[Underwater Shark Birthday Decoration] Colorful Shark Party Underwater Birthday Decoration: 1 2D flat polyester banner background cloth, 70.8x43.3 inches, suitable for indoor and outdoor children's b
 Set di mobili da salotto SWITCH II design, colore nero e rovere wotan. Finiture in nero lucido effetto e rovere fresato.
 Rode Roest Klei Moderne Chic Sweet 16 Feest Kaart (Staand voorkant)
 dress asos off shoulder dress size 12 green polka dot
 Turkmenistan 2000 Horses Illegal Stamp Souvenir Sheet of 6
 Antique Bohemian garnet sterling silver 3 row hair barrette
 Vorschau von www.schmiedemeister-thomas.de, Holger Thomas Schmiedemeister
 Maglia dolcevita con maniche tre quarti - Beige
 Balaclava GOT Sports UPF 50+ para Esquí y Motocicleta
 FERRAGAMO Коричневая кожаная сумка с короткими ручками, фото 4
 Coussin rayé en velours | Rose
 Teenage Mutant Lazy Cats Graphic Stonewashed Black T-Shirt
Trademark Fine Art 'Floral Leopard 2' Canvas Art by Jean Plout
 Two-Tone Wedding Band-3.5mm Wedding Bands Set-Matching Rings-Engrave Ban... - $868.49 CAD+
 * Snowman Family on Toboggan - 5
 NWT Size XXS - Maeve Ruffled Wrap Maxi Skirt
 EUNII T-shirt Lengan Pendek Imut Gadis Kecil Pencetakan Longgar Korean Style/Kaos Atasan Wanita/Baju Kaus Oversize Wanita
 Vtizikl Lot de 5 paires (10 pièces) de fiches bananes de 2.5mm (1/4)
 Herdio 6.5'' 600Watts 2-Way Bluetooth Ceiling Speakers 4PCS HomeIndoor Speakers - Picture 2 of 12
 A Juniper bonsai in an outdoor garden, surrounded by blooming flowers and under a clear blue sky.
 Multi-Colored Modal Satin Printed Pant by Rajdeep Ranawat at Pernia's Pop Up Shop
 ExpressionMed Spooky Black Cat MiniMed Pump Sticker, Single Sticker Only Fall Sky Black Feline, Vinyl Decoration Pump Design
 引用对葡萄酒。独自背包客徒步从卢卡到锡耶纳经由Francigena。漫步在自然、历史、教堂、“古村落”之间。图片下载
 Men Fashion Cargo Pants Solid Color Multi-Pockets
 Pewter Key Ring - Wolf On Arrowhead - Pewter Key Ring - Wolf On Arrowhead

::::::

▶ [What is being asked] Return exactly, and only, the lines from the start of the listing through the line with "Vtizikl Lot de".

▶ [Answer to this task]
[Underwater Shark Birthday Decoration] Colorful Shark Party Underwater Birthday Decoration: 1 2D flat polyester banner background cloth, 70.8x43.3 inches, suitable for indoor and outdoor children's b
 Set di mobili da salotto SWITCH II design, colore nero e rovere wotan. Finiture in nero lucido effetto e rovere fresato.
 Rode Roest Klei Moderne Chic Sweet 16 Feest Kaart (Staand voorkant)
 dress asos off shoulder dress size 12 green polka dot
 Turkmenistan 2000 Horses Illegal Stamp Souvenir Sheet of 6
 Antique Bohemian garnet sterling silver 3 row hair barrette
 Vorschau von www.schmiedemeister-thomas.de, Holger Thomas Schmiedemeister
 Maglia dolcevita con maniche tre quarti - Beige
 Balaclava GOT Sports UPF 50+ para Esquí y Motocicleta
 FERRAGAMO Коричневая кожаная сумка с короткими ручками, фото 4
 Coussin rayé en velours | Rose
 Teenage Mutant Lazy Cats Graphic Stonewashed Black T-Shirt
Trademark Fine Art 'Floral Leopard 2' Canvas Art by Jean Plout
 Two-Tone Wedding Band-3.5mm Wedding Bands Set-Matching Rings-Engrave Ban... - $868.49 CAD+
 * Snowman Family on Toboggan - 5
 NWT Size XXS - Maeve Ruffled Wrap Maxi Skirt
 EUNII T-shirt Lengan Pendek Imut Gadis Kecil Pencetakan Longgar Korean Style/Kaos Atasan Wanita/Baju Kaus Oversize Wanita
 Vtizikl Lot de 5 paires (10 pièces) de fiches bananes de 2.5mm (1/4)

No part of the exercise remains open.